At Unigestion, we integrate ESG criteria into our equity strategies at various stages of the investment process.

To provide two examples from 2018, we can zoom into some stocks we excluded from our portfolios on the basis of governance concerns. One such case is Danske Bank, where a less favourable fundamental outlook and growing concerns around the company’s involvement in money laundering activities in Estonia led us to sell our holdings from all of our portfolios in January 2018. Since then, further evidence has emerged against the company, and the launch of a US criminal inquiry into the breaching of US sanctions has resulted in a number of ongoing investigations against the company. Since 2007, the company is suspected of having laundered approximately USD 225 billion. The stock significantly derated through 2018, losing half of its value on the back of the threat of a heavy fine from the US Department of Justice. This provides a good example of the added value that our focus on governance and ESG risk controls can bring to our portfolios.

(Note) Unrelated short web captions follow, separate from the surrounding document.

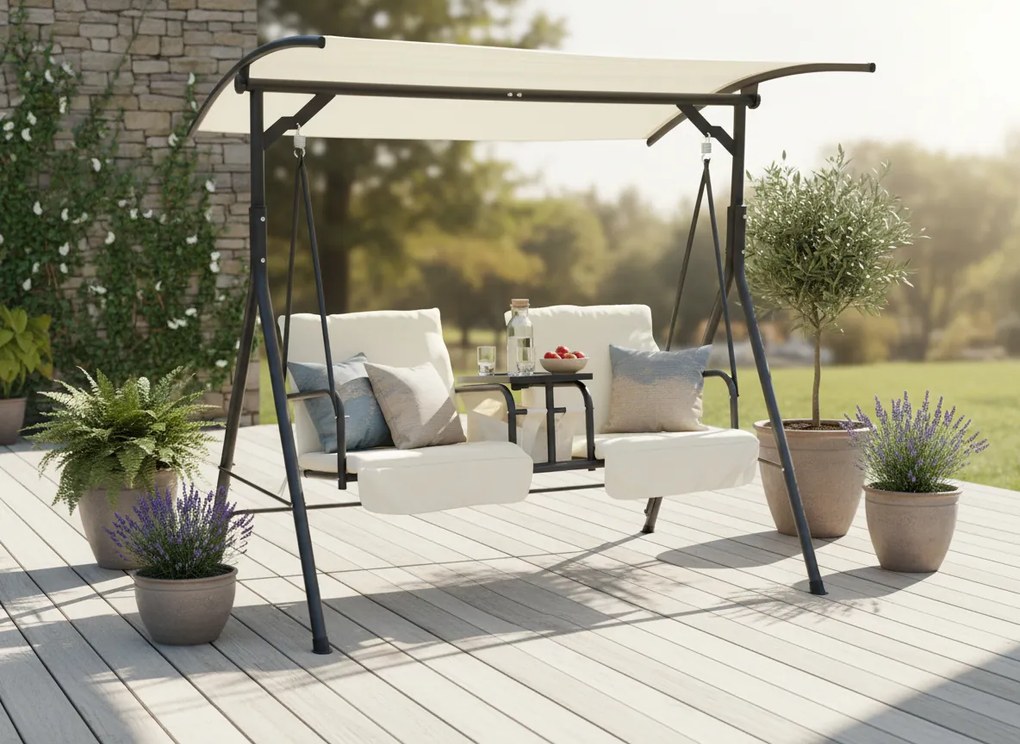 Dvojmiestna záhradná hojdačka v béžovej farbe so stojanom na hrnčeky 170 x 110 x 165 cm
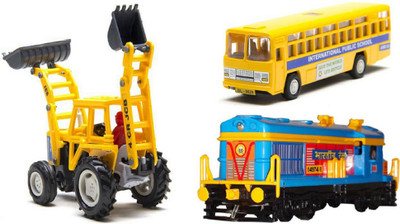 MN OVERSEAS Multicolor Earth Mover with Locomotive Engine and School Bus(Multicolor)
MN OVERSEAS Multicolor Earth Mover with Locomotive Engine and School Bus(Multicolor)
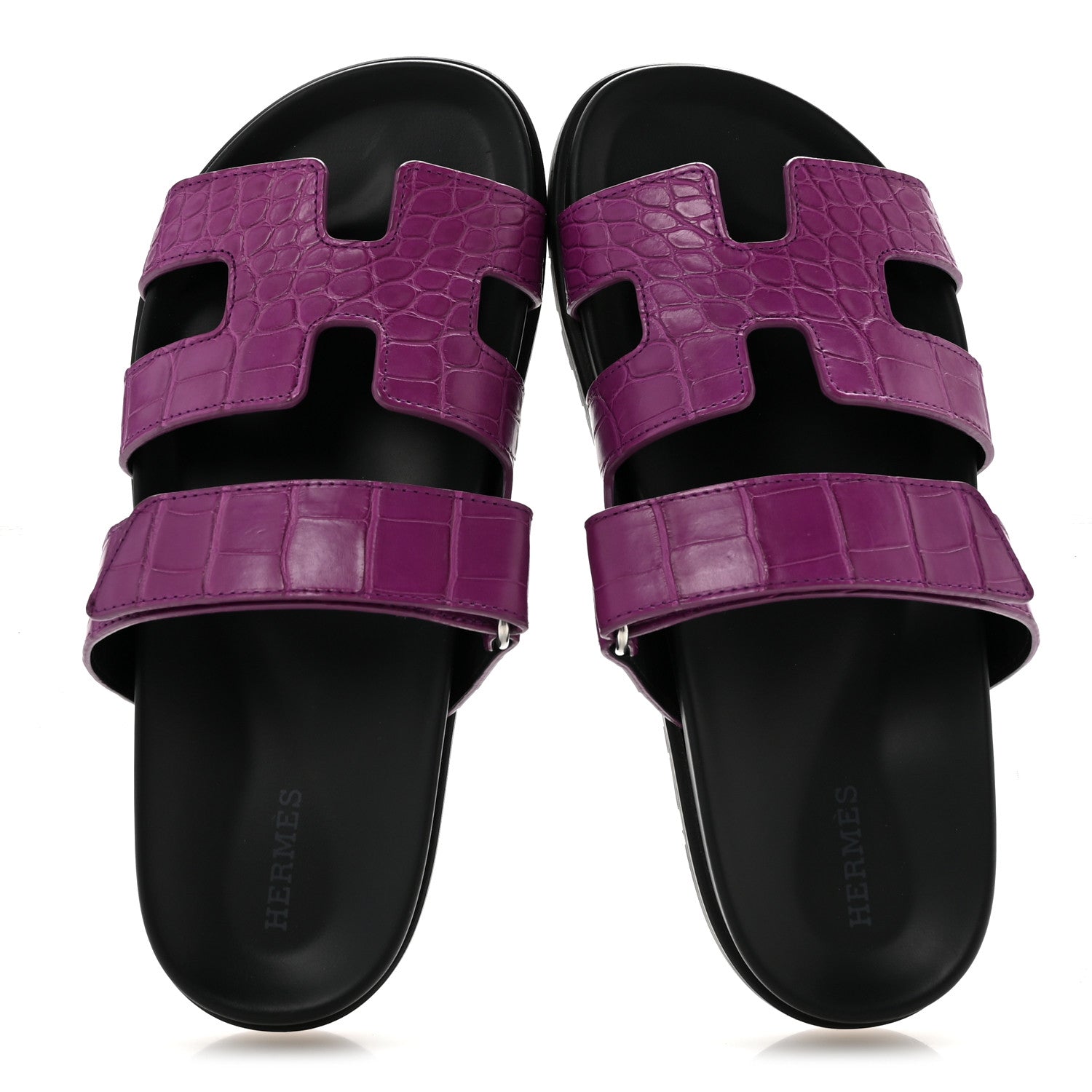 Hermes Matte Alligator Womens Chypre Sandals 38.5 Anemone 1921807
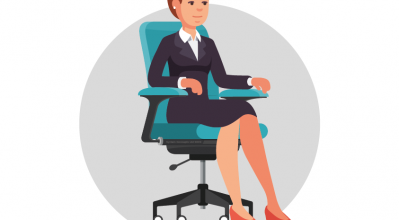 (alt="diagram of office chair with lady sitting in it")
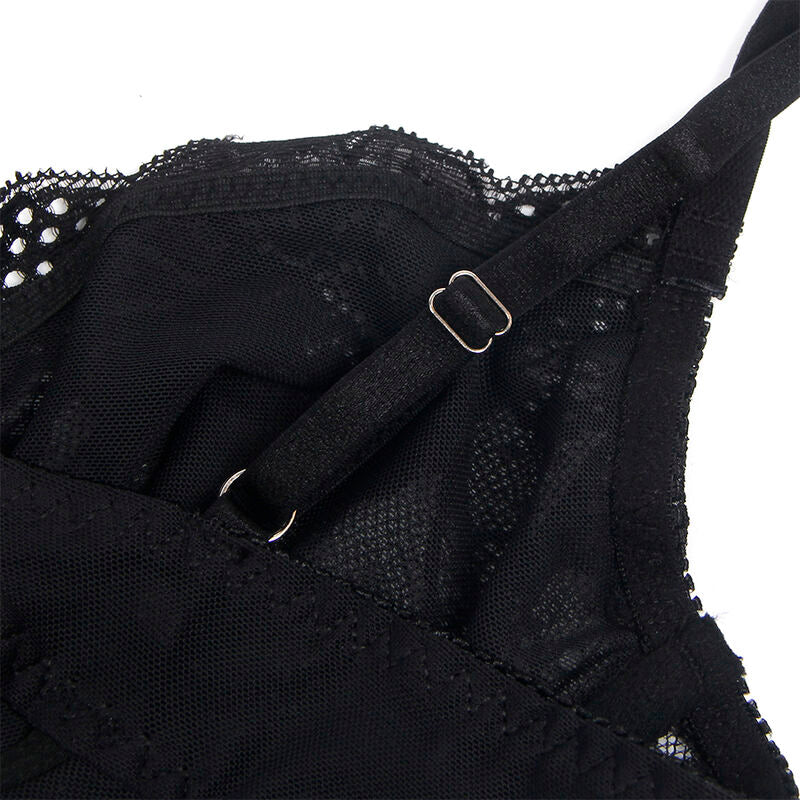 SUBBLIME Body de Renda Push-Up com Virilha Aberta Preto S/M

However, not all decisions on ESG are necessarily positive contributors to performance. As an example, in 2018 we sold our holding in PKN Orlen SA, Poland’s biggest fuel refiner, again based on governance concerns. On 5 February 2018, following a meeting of the company’s Supervisory Board, it was announced that three senior members of the company’s management board were being dismissed with immediate effect, including the CEO, Deputy CEO and CIO. At the same time, the board announced the appointment of Daniel Obajtek to the post of President of the Management Board. The news was a surprise and it indicated the company’s potential move into nuclear power generation. It also raised concerns over the company being used to subsidise a nuclear power plant project. More critically, the news put into question the independence of such state controlled companies from government intervention. In addition, there were claims that the new CEO may have embezzled funds when he worked at window producer Elektropast. Orlen have defended their choice of CEO, noting that prosecutors had discontinued their investigations into the embezzlement of funds and there have been no binding court rulings against Daniel Obajtek in the matter.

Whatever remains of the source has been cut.